• **Recorded information**:
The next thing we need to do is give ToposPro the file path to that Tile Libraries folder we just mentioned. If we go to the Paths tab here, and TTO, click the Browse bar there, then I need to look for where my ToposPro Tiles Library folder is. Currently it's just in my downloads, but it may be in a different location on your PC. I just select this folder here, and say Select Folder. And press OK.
* * *
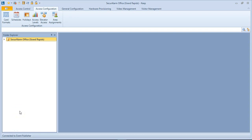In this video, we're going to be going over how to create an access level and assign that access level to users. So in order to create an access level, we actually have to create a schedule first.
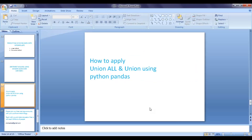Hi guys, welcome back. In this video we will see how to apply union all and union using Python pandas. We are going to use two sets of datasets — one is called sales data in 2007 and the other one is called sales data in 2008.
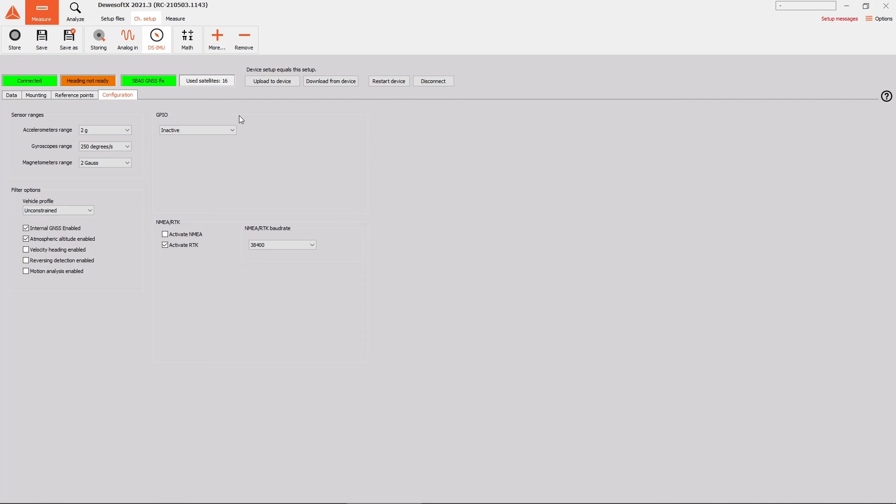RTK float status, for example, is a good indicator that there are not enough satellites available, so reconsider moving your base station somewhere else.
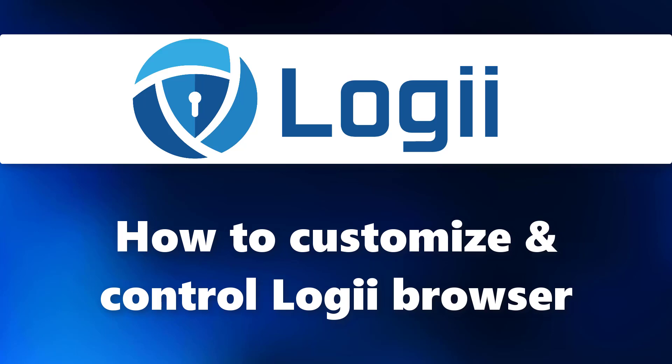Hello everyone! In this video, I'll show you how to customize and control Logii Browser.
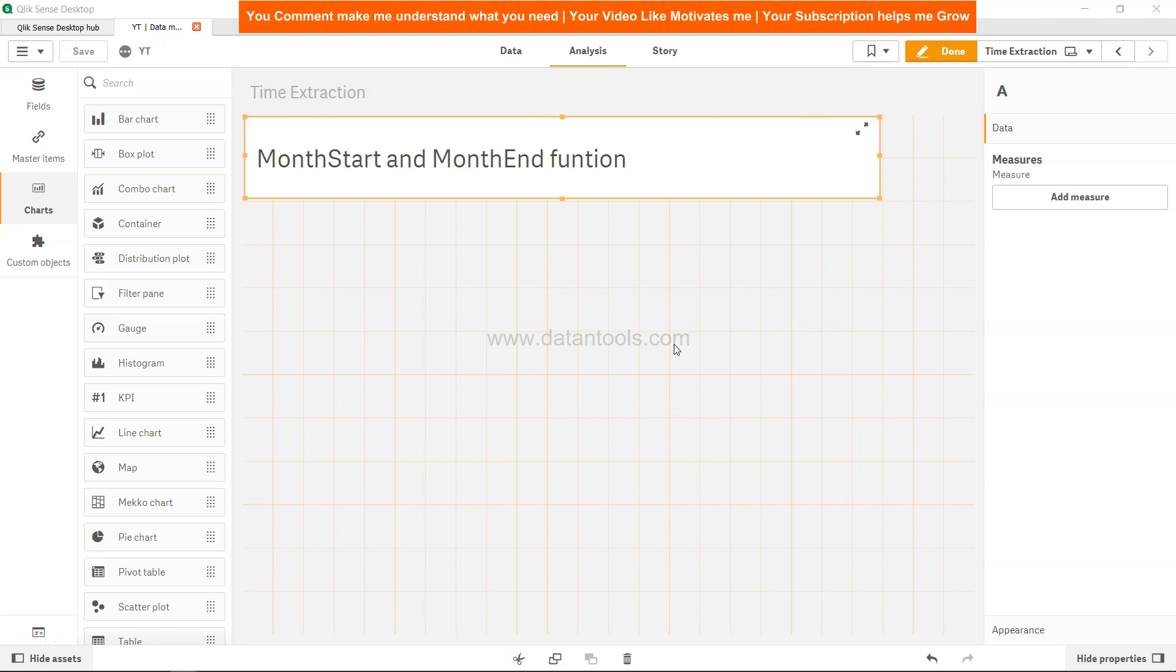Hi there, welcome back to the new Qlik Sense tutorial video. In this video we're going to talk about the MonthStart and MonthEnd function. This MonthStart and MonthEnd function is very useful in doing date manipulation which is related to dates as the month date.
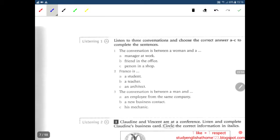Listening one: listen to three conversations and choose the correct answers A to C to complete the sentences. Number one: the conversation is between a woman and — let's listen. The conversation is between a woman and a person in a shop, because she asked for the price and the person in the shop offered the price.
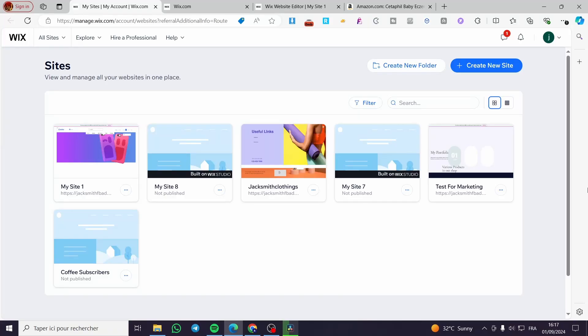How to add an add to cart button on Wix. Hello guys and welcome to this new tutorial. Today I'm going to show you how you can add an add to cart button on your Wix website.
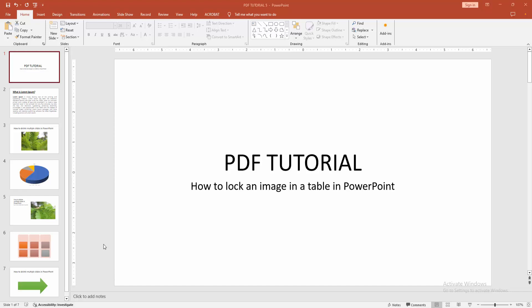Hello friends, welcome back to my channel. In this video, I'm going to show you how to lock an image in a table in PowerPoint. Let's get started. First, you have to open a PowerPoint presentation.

• **Exercise brief**:
In the records above, find the line with "How to add an" and the line with "Hello friends, welcome". Write out exactly those lines and every one between, with no pictures and no other lines.

• **Solution for this exercise**:
How to add an add to cart button on Wix. Hello guys and welcome to this new tutorial. Today I'm going to show you how you can add an add to cart button on your Wix website.
Hello friends, welcome back to my channel. In this video, I'm going to show you how to lock an image in a table in PowerPoint. Let's get started. First, you have to open a PowerPoint presentation.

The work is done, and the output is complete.